Mr Obama (left) was escorted by tourism professor Suleiman al-Farajat

US President Barack Obama is ending his visit to the Middle East with a trip to the famous ruins of the ancient city of Petra in Jordan.

Mr Obama (left) was escorted by tourism professor Suleiman al-Farajat

The diplomatic part of his visit ended on Friday when he met King Abdullah and pledged an additional $200m (£131m) to help Syrian refugees in Jordan.

Correspondents say his four-day visit has yielded mixed results.

He brokered an Israeli rapprochement with Turkey but there was little progress on the Palestinian issue.

The BBC’s North America editor, Mark Mardell, says the American leader’s clear warmth towards Israel comes at a price, and many in the Arab world will feel let down.

Yet, our editor adds, he brought a subtle message to young Israelis that every people deserves freedom and a land of its own.

Israeli apology

Mr Obama’s Marine One helicopter touched down near Petra after an hour-long flight from the Jordanian capital, Amman.

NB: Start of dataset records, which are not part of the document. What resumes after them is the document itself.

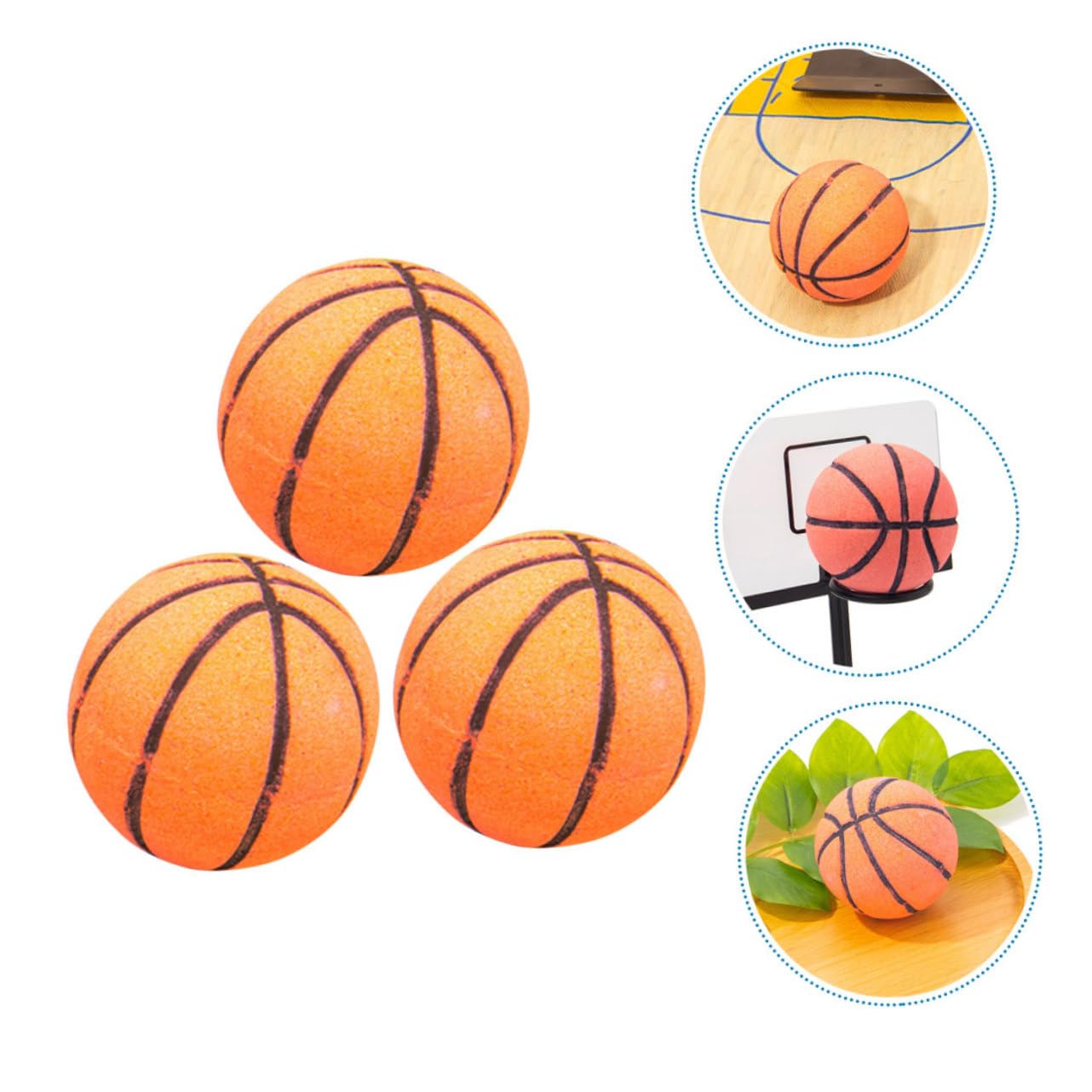 Bola de Baño de Cristales Marinos 3 Piezas, Forma de Baloncesto | Burbujas Abundantes, Portátil y Ligera, para Baños de Pies y Viajes, Limpia la Piel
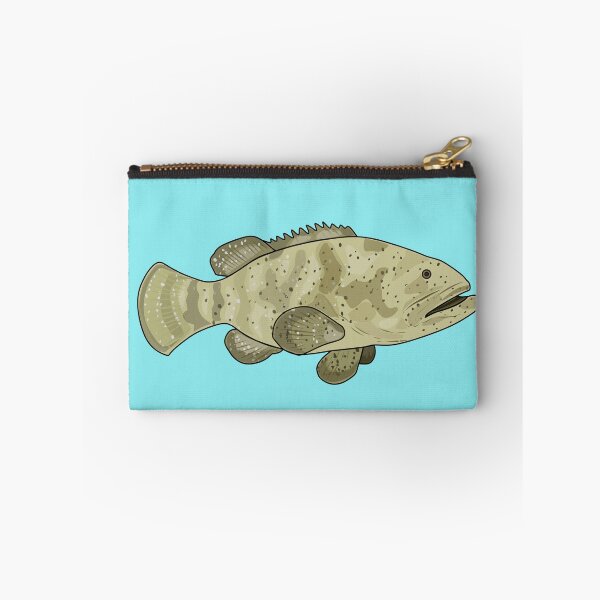 Item preview, Grouper fish cartoon illustration designed and sold by Misscartoon.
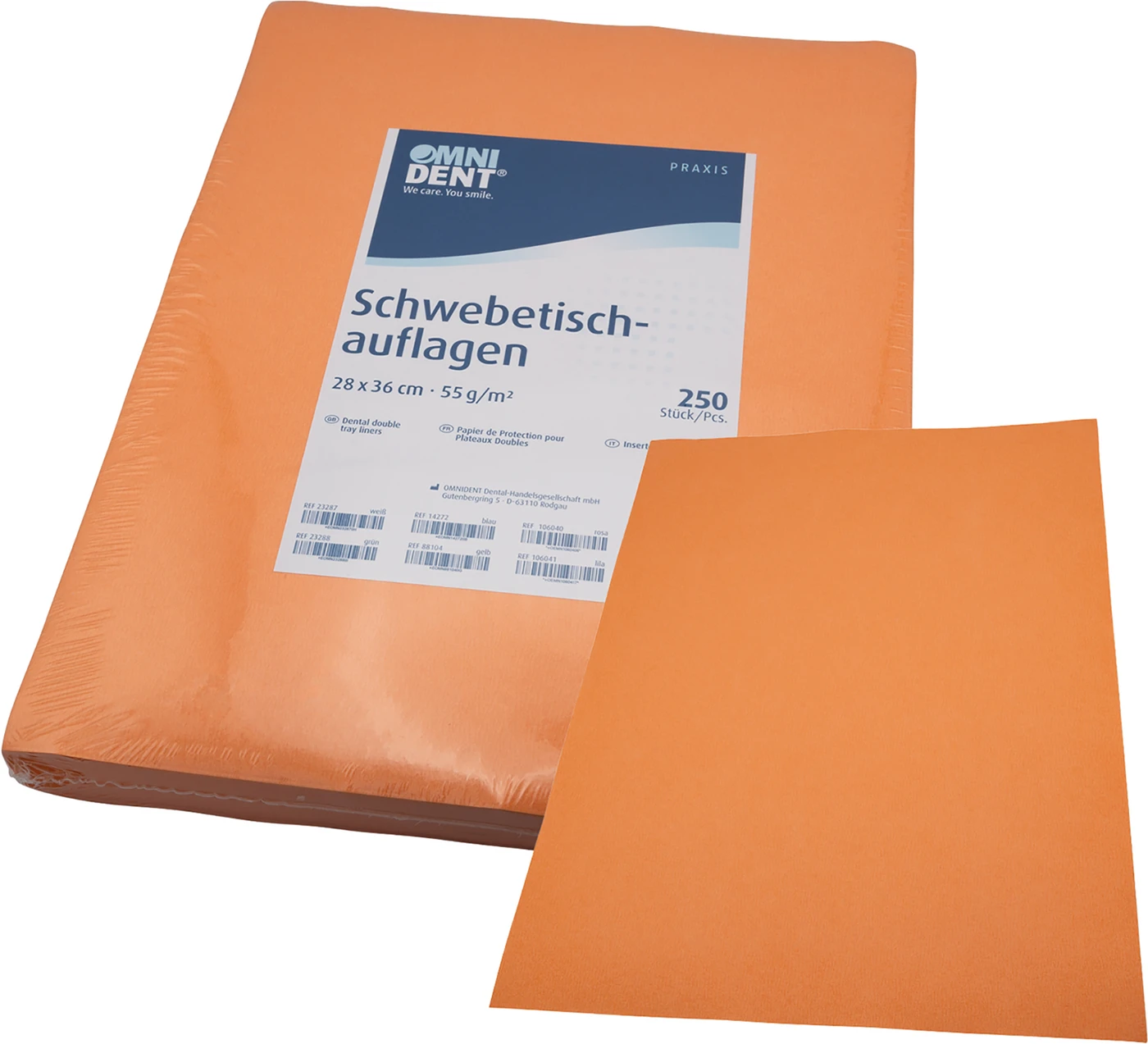 Schwebetischauflagen Packung 250 Stück 28 x 36 cm, orange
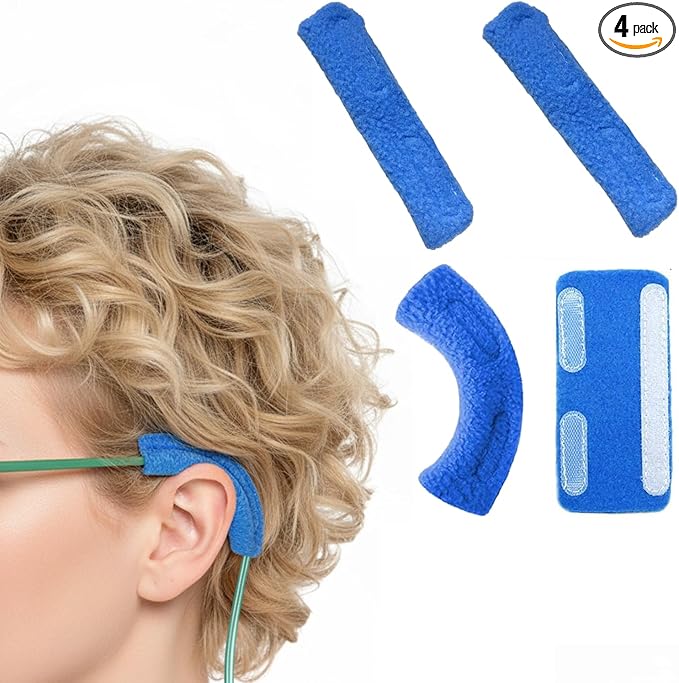4 Pieces Nasal Cannula Ear Cushions Ear Protectors for Oxygen Tubing Oxygen Cannula Face Soft Cover for Oxygen Users Prevent Indentation Discomfort Blue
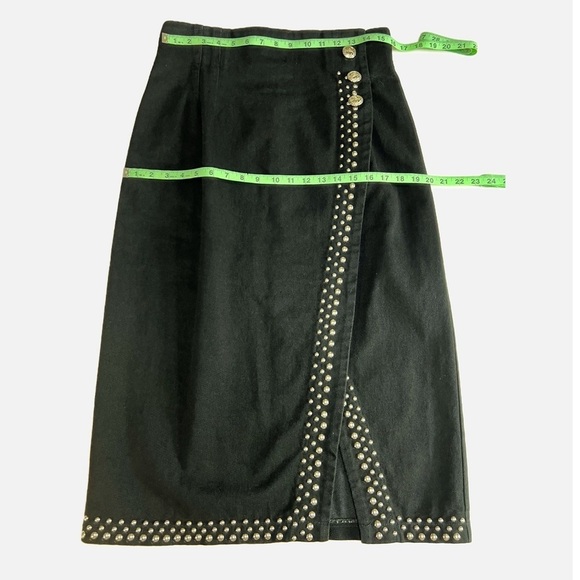 Vintage Apache Studded Black Cotton Wrap Style Skirt Size L USA Made - Picture 5 of 7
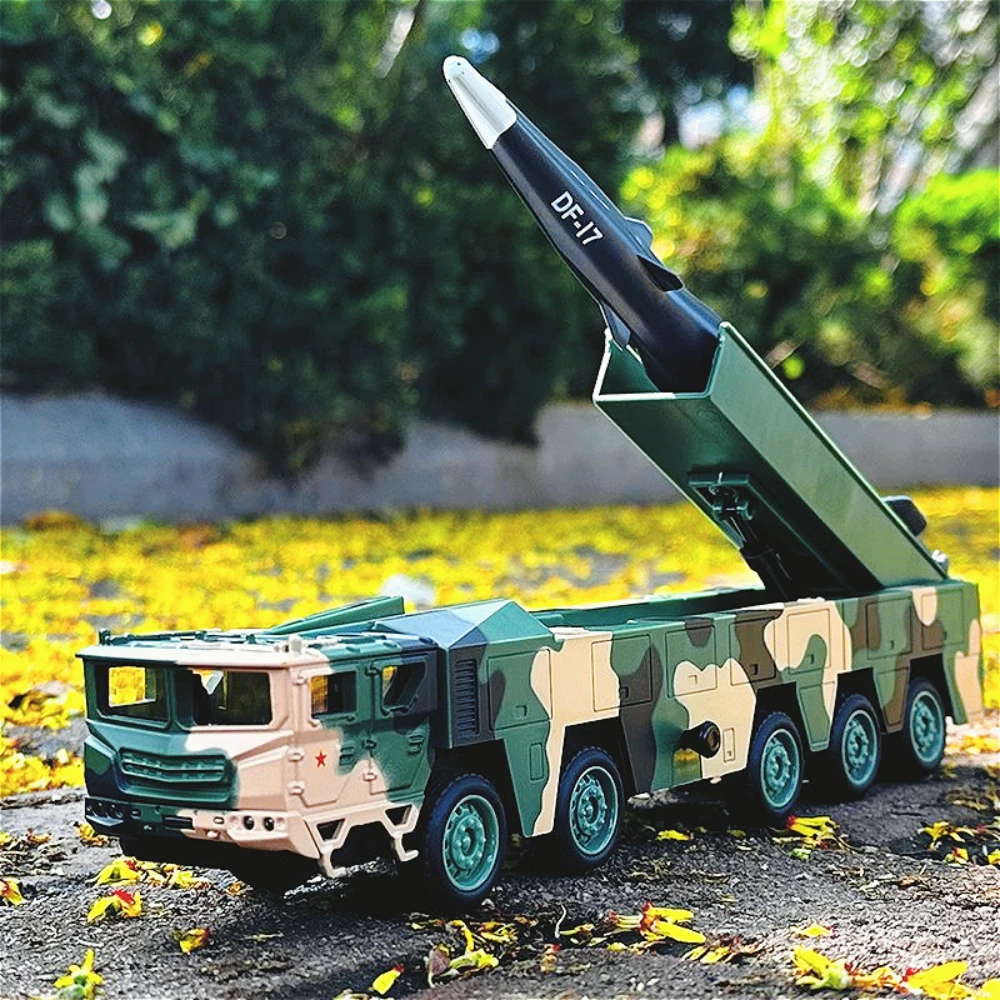 1:50 Scale DF-17 Missile Launch Toy Model Car Diecast Metal Sound Light Simulation Military Miniature Models Collection Gift Boy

The site of the ancient city, which is carved into rose-red stone, dates back 2,000 years and is Jordan’s top tourist attraction, drawing more than half a million visitors each year.

Most of the president’s time in the Middle East was spent in Israel where he held several meetings with Prime Minister Benjamin Netanyahu.

A highlight of the visit came when Mr Netanyahu apologised to Turkey for “any errors that could have led to loss of life” during the 2010 commando raid on an aid flotilla that tried to breach the Gaza blockade.

He also agreed to compensate the families of the nine Turkish activists who were killed.

Turkish Prime Minister Recep Tayyip Erdogan’s office said he had accepted the apology, “in the name of the Turkish people”.

Mr Obama also briefly visited Ramallah in the West Bank to meet Mahmoud Abbas, the president of the Palestinian Authority.

He urged Palestinians to drop their demands for a freeze in Israeli settlement-building as a precondition for peace talks.

However, a spokesman for Mr Abbas said the Palestinian leader had told Mr Obama the precondition remained in place.

Speaking to an audience of young Israelis in Jerusalem, Mr Obama praised Jewish nationhood before turning the argument around by stressing the need for Palestinians to share these same values of self-determination and justice.

“It is not fair that a Palestinian child cannot grow up in a state of her own living their entire lives with the presence of a foreign army that controls the movements of her parents every single day,” Mr Obama said.

The US leader is due to return to Washington later on Saturday.